Some obstacles cannot be overcome, however. “I was up through 3AM yesterday taking pictures. Then the clouds came in and I had to go to sleep.”
When he spots interesting things, he shares them with people in the relevant field, but the chief beneficiaries of his astrophotography hobby – which trumps his love of fishing and woodworking – are his students.
He took a winding path to teaching – after his formal studies he also took a detour when he opened up a ski resort in at the famous Greek-owned Olympia Hotel in Wyndham, NY – but it is understandable that he made his way to academia. While he never had mentors or career guides – “I was kind of on my own” – he always revered his teachers.
As he began to think of retirement after working for the Sperry Gyroscope Company for 18 years designing and building laser gyroscopes, and then managing the laser gyroscope department of Allied Signal and then as the chief scientist developing new products when it was bought by L-3 Communications, Fakatselis received a call from a former classmate who became the head of the physics department at Queensboro Community College.
He jumped at the invitation to teach one astronomy class – he now teachers five – but the decision did not come out of the blue. That life pattern began at Sperry, where he was asked to present one course on laser gyros and ended up teaching there for 16 years. The return of Halley’s comment in 1986 also rekindled his childhood interest in astronomy.
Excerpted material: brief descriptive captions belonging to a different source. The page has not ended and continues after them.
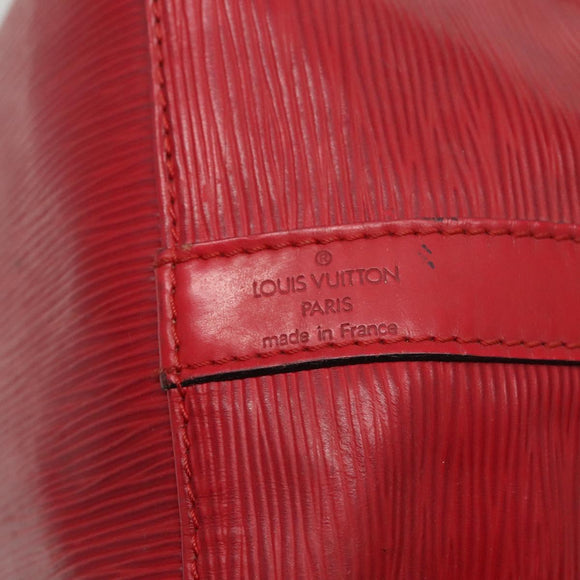 LOUIS VUITTON Epi Petit Noe Shoulder Bag Red M44107 LV Auth 134214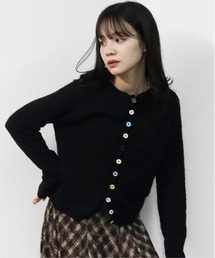 【WEB限定商品】コットンスラブ　アソートカラーボタンカーディガン　COTTON SLUB COLORFUL BUTTON CARDIGAN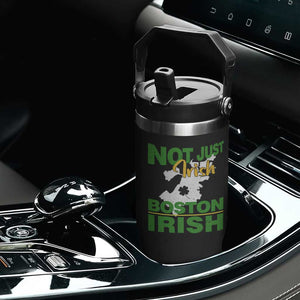 Funny Boston Irish Flip Straw Tumbler Not Just Irish Boston Irish Shamrock TS11 Print Your Wear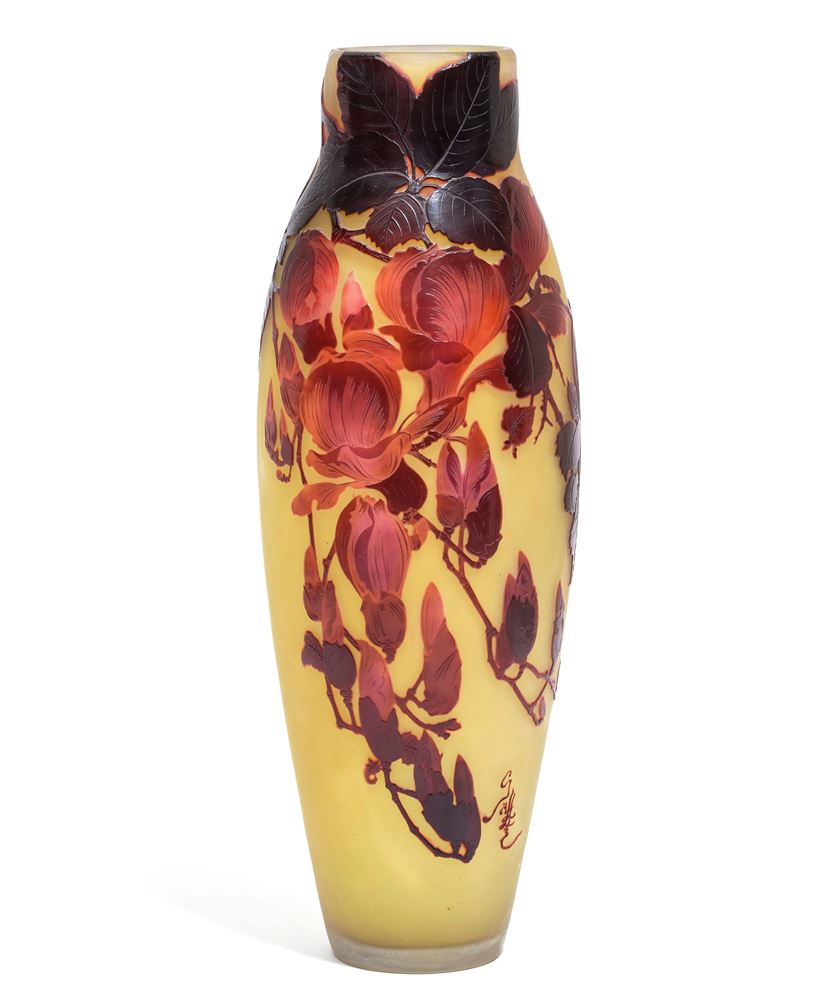 EMILE GALLE  VASE, um 1900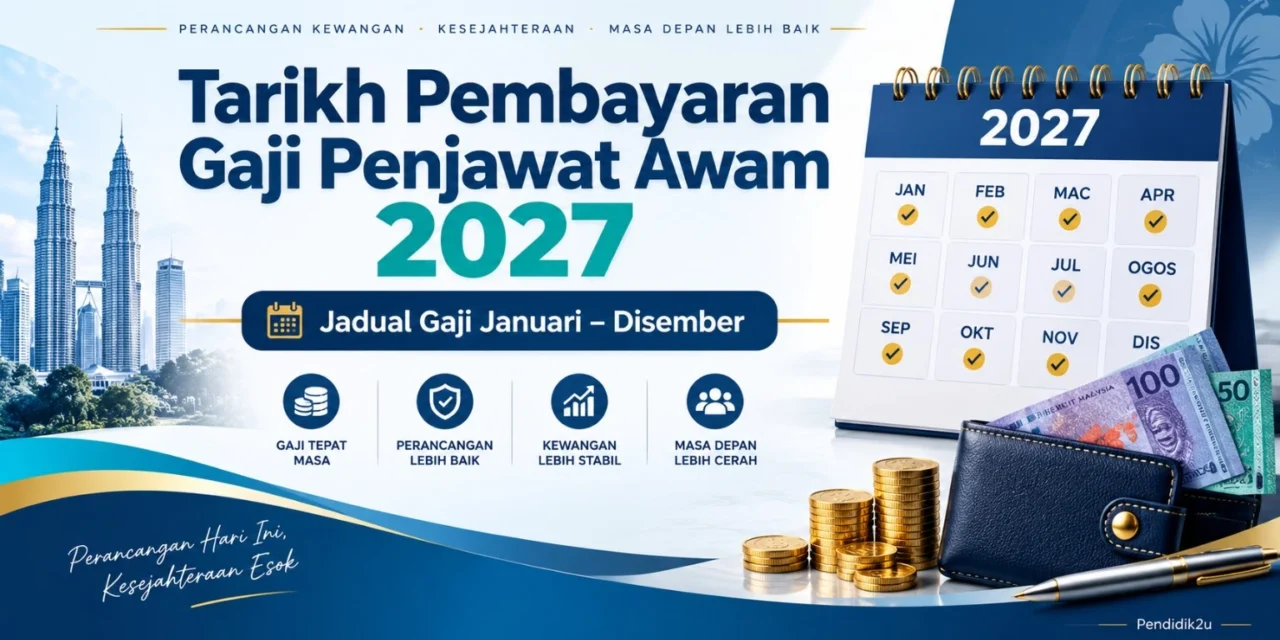 Tarikh Pembayaran Gaji Penjawat Awam 2027: Jadual Lengkap Januari hingga Disember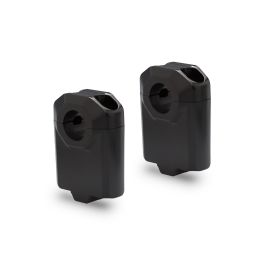 Alzas de manillar universales SW Motech de 50 mm en negro para manillares de 22 mm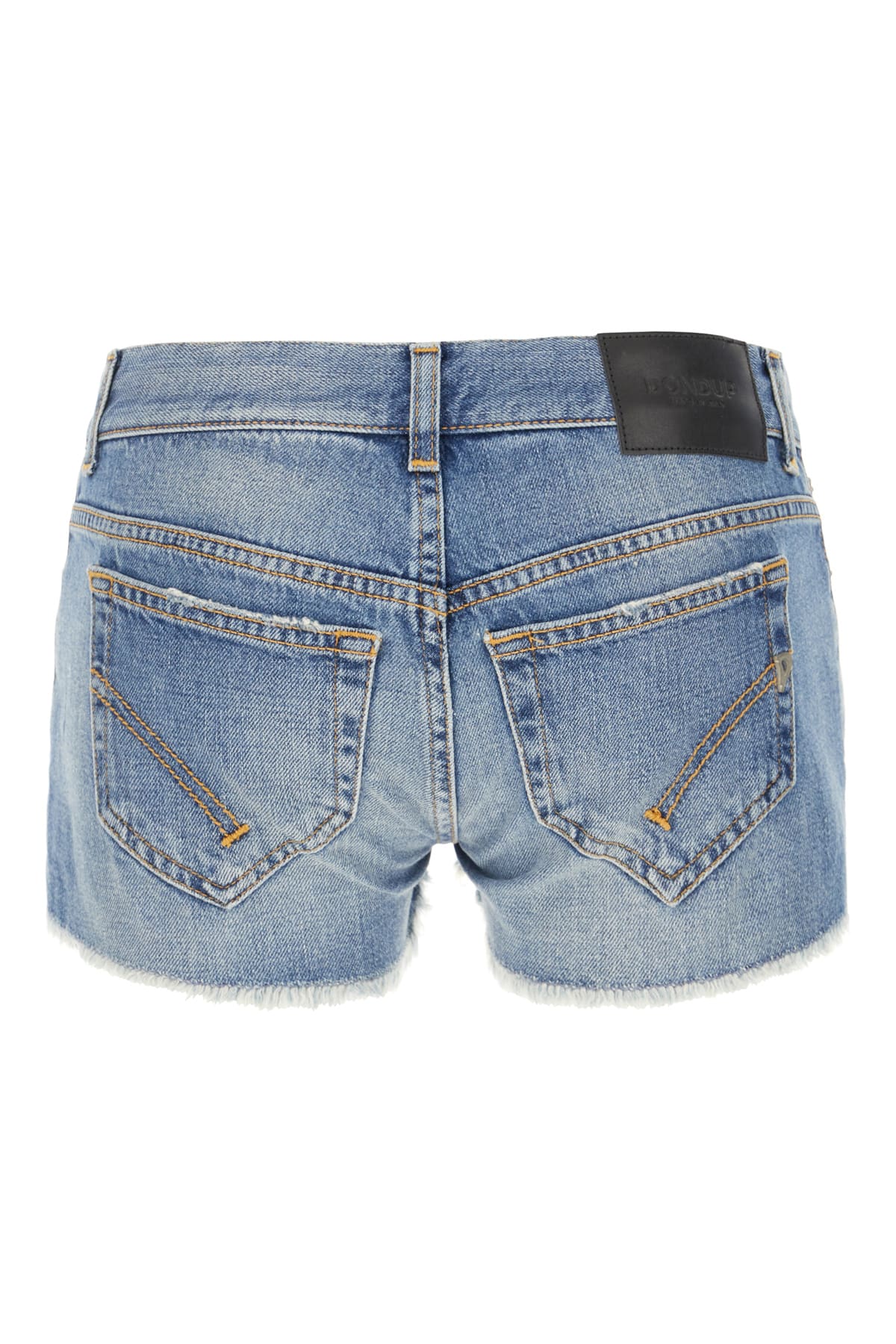 Dondup Denim Stella Shorts With Visible Stitching In 800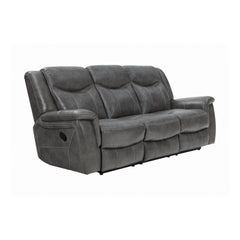 Conrad Upholstered Motion Sofa Cool Grey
His late devotion to teaching is complemented by a deep respect for his students.
“A lot of professors will pick up an astronomy textbook and teach it from there. I do real astronomy. I know what’s in the news and can take pictures and bring them in to discuss with the class and they see my zealousness.”
The word “intensity” also applies, perhaps reflecting his growing up an only child. But there was always love and companionship. He was surrounded by cousins on his block and by friends at the St. Demetrios Day School.
At St. John’s Prep high school he was salutatorian, flashing the potential that made him a standout in the aerospace industry…and hinted at other possibilities.
Greeks say “everything happens for a reason” – but one can respond “unless it’s an accident.” Fakatselis had some interesting accidents in his professional life.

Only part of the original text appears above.